0

I'm trying to group the results i get date wise.

Please refer my previous question. How to ignore http link in string and return everything else?

Basically right now i get the schedule list but that doesn't include any date in it, So it's hard to understand which event is going to go live on which date and time, it's confusing people because of no date as it shows same timing for multiple events which is actually going to go live on a different date.

From the previous question, I got a solution which is perfect (Thanks Denomales for the solution!) but just no date.

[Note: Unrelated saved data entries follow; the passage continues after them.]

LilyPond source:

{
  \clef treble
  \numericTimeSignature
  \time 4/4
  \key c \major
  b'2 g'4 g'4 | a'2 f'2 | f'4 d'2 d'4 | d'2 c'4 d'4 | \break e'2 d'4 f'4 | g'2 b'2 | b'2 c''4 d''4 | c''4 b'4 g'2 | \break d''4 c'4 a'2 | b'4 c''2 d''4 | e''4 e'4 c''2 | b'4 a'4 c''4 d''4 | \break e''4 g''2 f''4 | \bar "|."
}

Here's the solution regex:

<font(?=\s|>)(?=(?:[^>=|&)]*|='[^']*'|="[^"]*"|=[^'"][^\s>]*)*?\scolor=['"]?green['"]?)(?:[^>=|&)]|='(?:[^']|\\')*'|="(?:[^"]|\\")*"|=[^'"][^\s>]*)*>\s*(?:Stream\s*)?((?:(?!<\/font>).)*)<\/font>\s*[^<]*?([^<]+)\s+(\d+.\d+\s*\w{2}\s*-\s*\d+.\d+\s*\w{2})[^<]*?<font(?=\s|>)(?=(?:[^>=|&)]*|='[^']*'|="[^"]*"|=[^'"][^\s>]*)*?\scolor=['"]?gold['"]?)(?:[^>=|&)]|='(?:[^']|\\')*'|="(?:[^"]|\\")*"|=[^'"][^\s>]*)*>(?:Stream\s*)?((?:(?!\s*https?:|<\/font>).)*)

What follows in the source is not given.